Not because you are bigger or stronger or leap tall buildings with a single bound (although I have no proof that you don't), but because you care so very much about all the folks who need a hand up to even get to the first floor.

Like you, I am not really comfortable with large groups (like, more than 3). Except when it is Pagans or writers, I guess because they're my peeps.
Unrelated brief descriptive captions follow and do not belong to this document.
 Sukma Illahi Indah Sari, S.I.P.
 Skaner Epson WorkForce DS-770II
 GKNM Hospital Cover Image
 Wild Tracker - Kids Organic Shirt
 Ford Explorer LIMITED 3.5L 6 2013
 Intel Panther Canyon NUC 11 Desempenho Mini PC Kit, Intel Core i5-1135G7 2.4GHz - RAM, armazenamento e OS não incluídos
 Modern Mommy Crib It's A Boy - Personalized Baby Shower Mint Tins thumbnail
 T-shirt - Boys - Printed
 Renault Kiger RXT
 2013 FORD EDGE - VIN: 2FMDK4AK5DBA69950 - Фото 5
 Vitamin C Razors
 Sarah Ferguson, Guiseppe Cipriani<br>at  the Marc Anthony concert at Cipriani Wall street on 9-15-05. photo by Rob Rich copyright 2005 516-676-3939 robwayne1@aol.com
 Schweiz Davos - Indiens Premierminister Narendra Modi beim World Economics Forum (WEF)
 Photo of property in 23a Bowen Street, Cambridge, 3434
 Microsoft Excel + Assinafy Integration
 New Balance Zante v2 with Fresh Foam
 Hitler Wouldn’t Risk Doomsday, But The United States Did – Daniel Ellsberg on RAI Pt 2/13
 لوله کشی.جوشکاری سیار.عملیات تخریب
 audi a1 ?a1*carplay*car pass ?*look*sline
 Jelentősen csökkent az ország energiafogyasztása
And part of the reason they are my peeps is because I was lucky enough to have someone make me feel welcome, back in the day.

I hope I am that person for a lot of the newbies to either one of these groups--I certainly try to be. Maybe, when I grow up, I'll be half as cool as you. The building leaping, I'll have to work up to.
mtlawson
Jun. 15th, 2014 03:13 pm (UTC)
Great speech, Jim.
thewayne
Jun. 15th, 2014 06:09 pm (UTC)
56K modem? *pfft* You were LUCKY, sonny! There we were, nine of us in shoebox in the middle of the road, using a TRS-80 Model 100 with a 300 baud modem! We thought we were livin' like kings, 'till mum or dad picked up the phone in the corner that was the kitchen (not to be confused with the corner that was the bathroom!) and disconnected us right in the middle of a post!

Actually, I think the dial-up teleprinter we had when I was in grade school was 110 baud.

But seriously, excellent speech. I was lucky, there was a used book store not far from my grade school that sold me used copies of Analog by the proverbial bushel, probably a nickle or dime per copy. IIRC, a paperback was 50 or 75 cents each, I remember getting a copy of Fred Saberhagen's The Dracula Tape at a grocery store that long since ceased to exist. Some friends from high school were equally geeky when it came to reading SF/F, and a couple of us ghosted the 1978(?) WesterCon(?) in Phoenix on its last day when security didn't really care as long as you didn't cause any trouble and we had a blast.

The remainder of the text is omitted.